Im looking at a budget of around £200.
I have been looking at these..................http://cgi.ebay.co.uk/ws/eBayISAPI.dll?ViewItem&ssPageName=STRK:MEWAX:IT&item=370142285162

I have a windo for ventilation, and the heater would not be left on over night. Just as a back up heat while watching tv ect........................

Cheers


----------



## lenny (Feb 9, 2009)

Hi Aaron, I have a carver trumatic 2000 space heater in my van and It,s great, these heaters are room sealed with the intake and flue going the the floor.
Here,s an example on e.bay;

http://cgi.ebay.co.uk/ws/eBayISAPI....Track=true&ssPageName=VIP:Watchlink:middle:uk

Or visit your local caravan breakers,and you can pick one up for around £50, just get a qualified gas fitter to install it for you.

Good Luck


----------



## italiano (Feb 12, 2009)

Why not look for a diesel heater, i assume your camper is a diesel, if so there are plenty of Eberspachers heaters on ebay, the big models will even heat your engine up prior to starting in very cold mornings,(please note they actually heat the water as well in the camper) i had a small one in my last camper, Autosleeper Trident, and it got the little van up to a cosy temperature in about 12 minutes. The beauty is you are drawing fuel directly from your tank, so no gas to run out in the middle of the night. although you got to make sure you do have plenty of fuel before you stop anywhere


----------



## Aaron_TransitVan (Feb 12, 2009)

I would like a night heater but a little out of my prisce range and i dont really like spending that kind of money on ebay just incase it doesnt work/ fit ect


----------



## oldiebutgoodie (Feb 12, 2009)

A fully working webasto complete airtop 2000 (2 kw) can be had for under £200 on fleabay. They are compact, spares are easier (and cheaper) to obtain than eberspachers, far, far smaller and controllable than a woodburner!They don't have the bulk of the carver trumatic either. Just fit under a bunk where you have clear access underneath to route the exhaust,inlet and fuel pipes.

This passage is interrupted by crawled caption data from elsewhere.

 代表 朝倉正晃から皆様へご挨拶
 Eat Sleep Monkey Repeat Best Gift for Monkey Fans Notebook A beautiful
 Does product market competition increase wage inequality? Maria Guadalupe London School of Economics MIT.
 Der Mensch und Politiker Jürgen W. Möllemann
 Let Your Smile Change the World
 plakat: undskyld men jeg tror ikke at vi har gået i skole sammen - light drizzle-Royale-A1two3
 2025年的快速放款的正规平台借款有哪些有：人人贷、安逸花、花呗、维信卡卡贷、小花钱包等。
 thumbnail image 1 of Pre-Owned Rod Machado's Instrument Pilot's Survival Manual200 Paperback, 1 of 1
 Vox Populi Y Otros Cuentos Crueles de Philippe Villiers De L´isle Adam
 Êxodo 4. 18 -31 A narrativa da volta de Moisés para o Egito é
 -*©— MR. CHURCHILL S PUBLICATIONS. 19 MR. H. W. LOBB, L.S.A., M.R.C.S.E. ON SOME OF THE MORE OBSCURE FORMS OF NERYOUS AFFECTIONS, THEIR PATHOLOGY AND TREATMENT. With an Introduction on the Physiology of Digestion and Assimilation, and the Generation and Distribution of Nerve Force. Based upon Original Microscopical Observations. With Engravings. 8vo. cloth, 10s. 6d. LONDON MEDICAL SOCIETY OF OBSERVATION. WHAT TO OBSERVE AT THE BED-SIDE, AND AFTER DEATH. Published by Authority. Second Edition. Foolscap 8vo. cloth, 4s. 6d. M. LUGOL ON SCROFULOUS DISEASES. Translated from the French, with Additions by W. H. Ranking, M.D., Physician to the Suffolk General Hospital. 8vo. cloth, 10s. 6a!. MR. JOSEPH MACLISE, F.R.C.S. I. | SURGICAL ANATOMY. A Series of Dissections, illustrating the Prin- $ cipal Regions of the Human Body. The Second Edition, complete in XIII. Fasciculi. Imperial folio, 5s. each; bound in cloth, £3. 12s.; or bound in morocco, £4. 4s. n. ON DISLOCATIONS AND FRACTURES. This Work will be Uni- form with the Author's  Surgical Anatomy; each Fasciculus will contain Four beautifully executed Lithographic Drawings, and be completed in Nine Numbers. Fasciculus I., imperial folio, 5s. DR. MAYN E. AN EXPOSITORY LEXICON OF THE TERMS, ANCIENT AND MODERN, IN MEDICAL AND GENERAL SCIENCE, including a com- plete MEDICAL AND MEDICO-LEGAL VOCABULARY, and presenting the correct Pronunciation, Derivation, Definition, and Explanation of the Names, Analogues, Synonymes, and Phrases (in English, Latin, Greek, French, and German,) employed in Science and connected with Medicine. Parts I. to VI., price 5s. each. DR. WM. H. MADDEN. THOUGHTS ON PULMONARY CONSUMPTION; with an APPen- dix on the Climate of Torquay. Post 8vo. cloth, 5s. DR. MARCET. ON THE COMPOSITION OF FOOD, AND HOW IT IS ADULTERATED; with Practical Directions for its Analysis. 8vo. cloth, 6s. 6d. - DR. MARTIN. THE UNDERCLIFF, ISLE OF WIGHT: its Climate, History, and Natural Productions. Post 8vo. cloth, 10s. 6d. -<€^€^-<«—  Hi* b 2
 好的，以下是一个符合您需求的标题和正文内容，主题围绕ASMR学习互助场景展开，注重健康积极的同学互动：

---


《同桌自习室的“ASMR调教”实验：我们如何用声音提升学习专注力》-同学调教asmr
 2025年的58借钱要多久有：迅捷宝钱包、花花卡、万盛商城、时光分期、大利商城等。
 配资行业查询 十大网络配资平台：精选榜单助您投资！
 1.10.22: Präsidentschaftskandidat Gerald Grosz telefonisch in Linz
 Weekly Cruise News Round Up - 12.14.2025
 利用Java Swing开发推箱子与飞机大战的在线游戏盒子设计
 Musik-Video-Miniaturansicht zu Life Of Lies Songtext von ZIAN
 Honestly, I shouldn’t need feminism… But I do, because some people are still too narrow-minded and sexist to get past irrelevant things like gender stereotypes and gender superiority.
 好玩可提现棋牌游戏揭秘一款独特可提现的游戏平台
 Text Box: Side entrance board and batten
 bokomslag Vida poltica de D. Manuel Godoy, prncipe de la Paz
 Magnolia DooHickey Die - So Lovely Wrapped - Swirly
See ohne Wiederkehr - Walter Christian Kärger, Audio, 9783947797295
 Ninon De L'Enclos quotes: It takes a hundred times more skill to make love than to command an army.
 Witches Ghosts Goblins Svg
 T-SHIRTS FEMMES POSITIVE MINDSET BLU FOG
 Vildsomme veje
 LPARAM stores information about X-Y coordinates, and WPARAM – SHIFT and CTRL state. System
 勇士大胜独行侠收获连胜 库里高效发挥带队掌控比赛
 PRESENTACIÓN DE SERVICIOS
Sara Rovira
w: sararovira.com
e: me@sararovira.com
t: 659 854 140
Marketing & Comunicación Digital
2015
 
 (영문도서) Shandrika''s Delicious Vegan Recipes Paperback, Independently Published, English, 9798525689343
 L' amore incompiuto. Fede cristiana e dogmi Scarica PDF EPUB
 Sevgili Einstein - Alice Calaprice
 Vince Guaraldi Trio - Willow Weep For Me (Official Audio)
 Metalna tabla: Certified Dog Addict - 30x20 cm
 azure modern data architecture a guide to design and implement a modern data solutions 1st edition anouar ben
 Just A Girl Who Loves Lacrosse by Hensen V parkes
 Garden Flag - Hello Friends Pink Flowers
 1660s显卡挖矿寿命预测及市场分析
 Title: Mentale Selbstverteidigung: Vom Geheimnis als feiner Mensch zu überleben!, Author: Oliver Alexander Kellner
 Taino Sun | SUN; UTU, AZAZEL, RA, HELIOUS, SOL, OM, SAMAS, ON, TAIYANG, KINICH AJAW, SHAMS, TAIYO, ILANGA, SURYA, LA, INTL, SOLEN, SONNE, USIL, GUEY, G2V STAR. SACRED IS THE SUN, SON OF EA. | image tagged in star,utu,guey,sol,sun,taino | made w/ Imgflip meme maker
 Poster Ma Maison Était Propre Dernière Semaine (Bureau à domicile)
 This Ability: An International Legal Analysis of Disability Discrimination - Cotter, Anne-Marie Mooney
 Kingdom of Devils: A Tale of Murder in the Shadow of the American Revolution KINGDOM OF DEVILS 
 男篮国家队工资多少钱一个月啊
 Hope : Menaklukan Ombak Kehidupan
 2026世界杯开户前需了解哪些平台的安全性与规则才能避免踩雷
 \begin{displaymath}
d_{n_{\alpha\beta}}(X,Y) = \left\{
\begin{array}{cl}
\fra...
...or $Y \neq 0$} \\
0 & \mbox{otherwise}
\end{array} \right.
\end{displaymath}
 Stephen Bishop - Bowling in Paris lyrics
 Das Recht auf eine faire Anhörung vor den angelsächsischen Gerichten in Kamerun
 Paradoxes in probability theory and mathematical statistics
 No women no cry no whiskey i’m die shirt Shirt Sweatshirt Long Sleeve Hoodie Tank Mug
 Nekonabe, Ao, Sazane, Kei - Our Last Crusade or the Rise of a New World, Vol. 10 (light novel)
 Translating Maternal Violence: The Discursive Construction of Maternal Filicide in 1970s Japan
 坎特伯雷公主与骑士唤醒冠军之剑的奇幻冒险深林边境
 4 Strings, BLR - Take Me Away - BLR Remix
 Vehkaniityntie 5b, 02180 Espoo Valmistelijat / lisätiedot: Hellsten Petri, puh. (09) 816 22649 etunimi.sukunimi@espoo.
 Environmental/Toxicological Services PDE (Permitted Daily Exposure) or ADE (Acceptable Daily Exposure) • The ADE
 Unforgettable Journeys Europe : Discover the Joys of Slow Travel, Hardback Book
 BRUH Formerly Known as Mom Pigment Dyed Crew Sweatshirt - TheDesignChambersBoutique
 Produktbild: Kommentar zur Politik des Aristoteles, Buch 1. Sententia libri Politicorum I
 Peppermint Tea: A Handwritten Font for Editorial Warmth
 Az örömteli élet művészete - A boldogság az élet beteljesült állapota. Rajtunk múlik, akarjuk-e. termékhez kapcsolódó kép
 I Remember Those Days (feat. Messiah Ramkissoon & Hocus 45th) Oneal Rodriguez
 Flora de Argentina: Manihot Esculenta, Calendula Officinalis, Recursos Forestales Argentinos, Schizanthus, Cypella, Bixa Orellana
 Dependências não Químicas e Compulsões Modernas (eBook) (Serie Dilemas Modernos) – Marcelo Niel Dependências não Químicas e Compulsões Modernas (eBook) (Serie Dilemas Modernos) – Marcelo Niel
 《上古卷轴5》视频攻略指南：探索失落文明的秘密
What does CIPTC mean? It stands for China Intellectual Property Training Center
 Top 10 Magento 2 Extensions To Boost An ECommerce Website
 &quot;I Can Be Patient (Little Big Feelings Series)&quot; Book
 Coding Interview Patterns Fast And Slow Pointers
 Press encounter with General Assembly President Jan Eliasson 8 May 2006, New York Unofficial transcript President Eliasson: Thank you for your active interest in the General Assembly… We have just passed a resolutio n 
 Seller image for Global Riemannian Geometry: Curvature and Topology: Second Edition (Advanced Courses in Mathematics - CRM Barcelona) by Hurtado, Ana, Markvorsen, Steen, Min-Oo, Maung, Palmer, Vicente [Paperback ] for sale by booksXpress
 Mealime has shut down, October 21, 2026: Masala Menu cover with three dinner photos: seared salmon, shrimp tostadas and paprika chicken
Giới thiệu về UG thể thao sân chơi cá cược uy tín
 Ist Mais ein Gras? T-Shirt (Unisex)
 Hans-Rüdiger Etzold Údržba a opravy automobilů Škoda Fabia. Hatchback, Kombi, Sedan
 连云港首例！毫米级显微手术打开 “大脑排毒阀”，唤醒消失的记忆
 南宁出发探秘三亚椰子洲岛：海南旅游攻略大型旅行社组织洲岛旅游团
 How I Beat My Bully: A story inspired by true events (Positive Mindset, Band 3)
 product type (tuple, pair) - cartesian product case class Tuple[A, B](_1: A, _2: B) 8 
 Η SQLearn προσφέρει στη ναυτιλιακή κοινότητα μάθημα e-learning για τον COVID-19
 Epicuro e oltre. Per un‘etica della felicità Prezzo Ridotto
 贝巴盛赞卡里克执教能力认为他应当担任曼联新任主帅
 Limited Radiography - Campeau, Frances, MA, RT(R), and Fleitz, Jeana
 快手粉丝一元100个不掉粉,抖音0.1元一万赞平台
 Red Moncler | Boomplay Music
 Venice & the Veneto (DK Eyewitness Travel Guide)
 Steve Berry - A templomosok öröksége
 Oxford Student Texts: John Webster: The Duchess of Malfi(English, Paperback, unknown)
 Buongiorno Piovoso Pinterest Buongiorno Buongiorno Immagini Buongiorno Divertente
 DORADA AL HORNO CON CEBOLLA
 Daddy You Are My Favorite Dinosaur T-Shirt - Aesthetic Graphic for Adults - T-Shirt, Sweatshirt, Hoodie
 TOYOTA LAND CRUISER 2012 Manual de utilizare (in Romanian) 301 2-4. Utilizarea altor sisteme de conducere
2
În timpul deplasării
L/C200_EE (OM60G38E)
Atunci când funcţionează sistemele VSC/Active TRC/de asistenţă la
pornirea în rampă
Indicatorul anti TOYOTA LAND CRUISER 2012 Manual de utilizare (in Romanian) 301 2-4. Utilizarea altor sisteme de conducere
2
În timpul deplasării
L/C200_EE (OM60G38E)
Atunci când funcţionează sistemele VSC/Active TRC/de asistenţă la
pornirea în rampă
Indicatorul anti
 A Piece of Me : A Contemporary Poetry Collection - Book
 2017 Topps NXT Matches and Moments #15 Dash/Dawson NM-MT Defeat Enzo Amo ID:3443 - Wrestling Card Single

If it does not come with a timer (24 hr/ 7 day) they can be had for under £50 new so you can wake up to a warm van without having to get up and bung another log in.
It is by far the best way to go in my opinion.
I run separate tanks for my heaters as I run both my vans on veg. oil which the heaters don't like - they also don't like red diesel either - they carbon up quickly.

Just checked what you linked to on Ebay - I've just pulled one of them out of a van and replaced with a webasto. They give out a horrendous amount of water vapour,take up far too much room, create too much carbon monoxide for enclosed spaces,burn the dog's rear ends! etc. They are not really safe in most peoples opinion in vans.


----------



## t&s (Feb 12, 2009)

can you not place the flue to exit through the side of the van may be by replacing a window and fitting it there


----------